▸ Exercise instructions: Starting at the line with "Wipers(Set of 3)", retype every remaining line of the records exactly. Do not include pictures.

(Image-text web data)
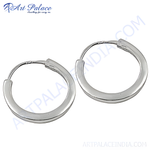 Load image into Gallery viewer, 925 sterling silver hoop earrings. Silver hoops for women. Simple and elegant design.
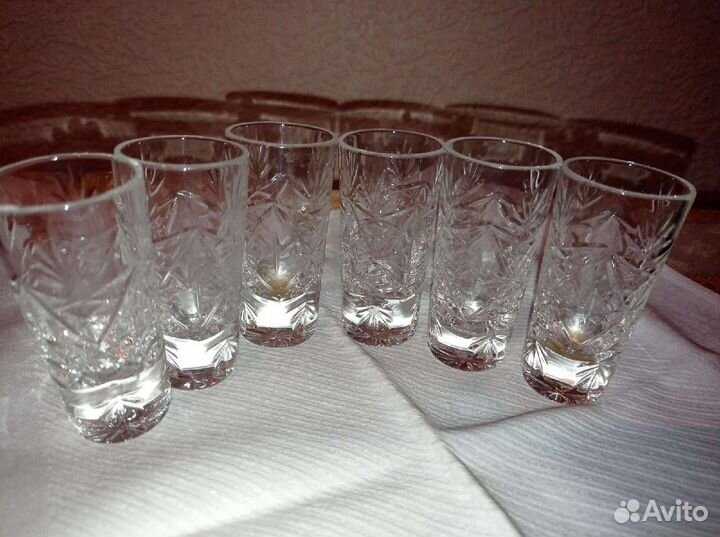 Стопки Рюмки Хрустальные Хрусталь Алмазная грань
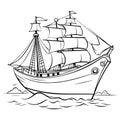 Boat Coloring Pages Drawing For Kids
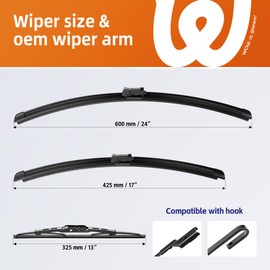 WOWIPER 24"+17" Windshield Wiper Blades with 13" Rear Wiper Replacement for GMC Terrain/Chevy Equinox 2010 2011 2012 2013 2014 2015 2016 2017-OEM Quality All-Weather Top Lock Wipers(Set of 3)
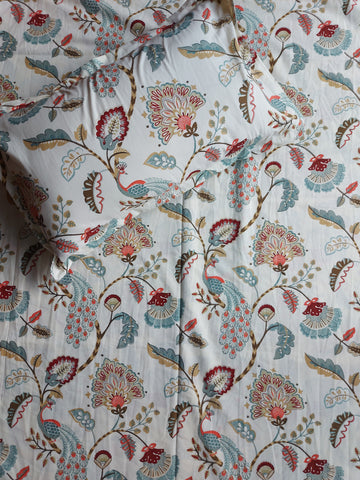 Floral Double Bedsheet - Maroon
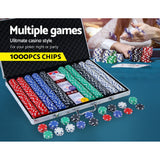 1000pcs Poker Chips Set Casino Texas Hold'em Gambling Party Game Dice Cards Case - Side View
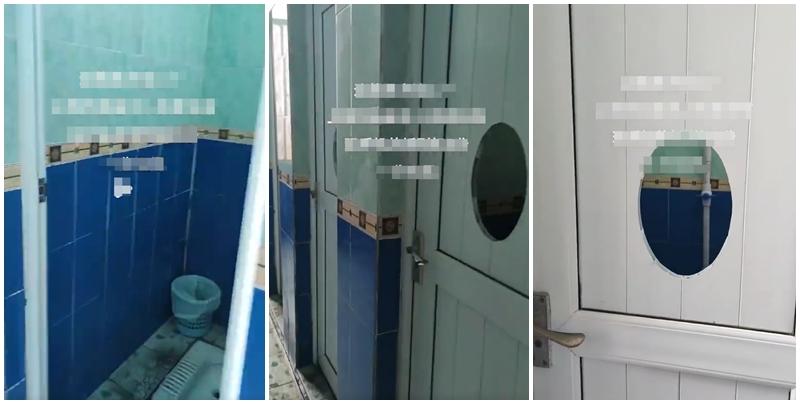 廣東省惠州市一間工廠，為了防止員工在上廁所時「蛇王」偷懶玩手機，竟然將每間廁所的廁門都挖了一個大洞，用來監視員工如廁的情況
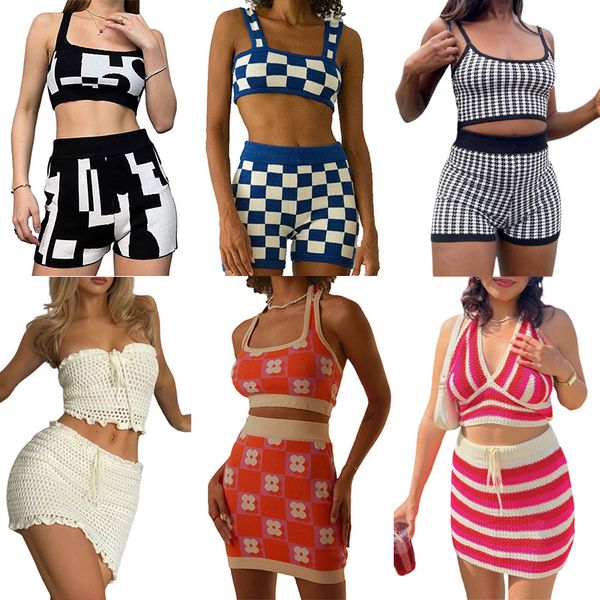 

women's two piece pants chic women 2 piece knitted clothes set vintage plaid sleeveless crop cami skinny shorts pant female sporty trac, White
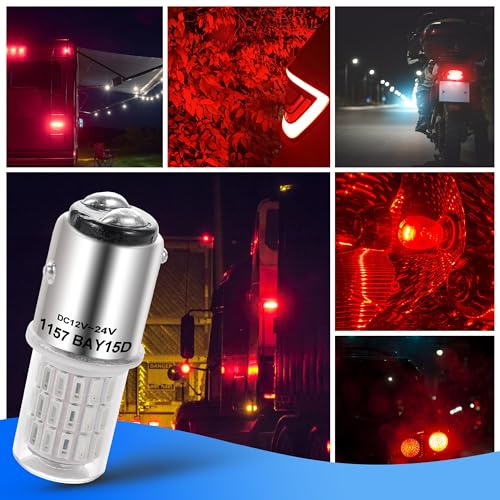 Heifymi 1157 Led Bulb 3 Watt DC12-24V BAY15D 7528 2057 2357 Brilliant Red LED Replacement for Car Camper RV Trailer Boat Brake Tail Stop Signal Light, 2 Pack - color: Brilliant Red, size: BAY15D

▸ Response to this task:
 WOWIPER 24"+17" Windshield Wiper Blades with 13" Rear Wiper Replacement for GMC Terrain/Chevy Equinox 2010 2011 2012 2013 2014 2015 2016 2017-OEM Quality All-Weather Top Lock Wipers(Set of 3)
 Floral Double Bedsheet - Maroon
 1000pcs Poker Chips Set Casino Texas Hold'em Gambling Party Game Dice Cards Case - Side View
 廣東省惠州市一間工廠，為了防止員工在上廁所時「蛇王」偷懶玩手機，竟然將每間廁所的廁門都挖了一個大洞，用來監視員工如廁的情況

women's two piece pants chic women 2 piece knitted clothes set vintage plaid sleeveless crop cami skinny shorts pant female sporty trac, White
 Heifymi 1157 Led Bulb 3 Watt DC12-24V BAY15D 7528 2057 2357 Brilliant Red LED Replacement for Car Camper RV Trailer Boat Brake Tail Stop Signal Light, 2 Pack - color: Brilliant Red, size: BAY15D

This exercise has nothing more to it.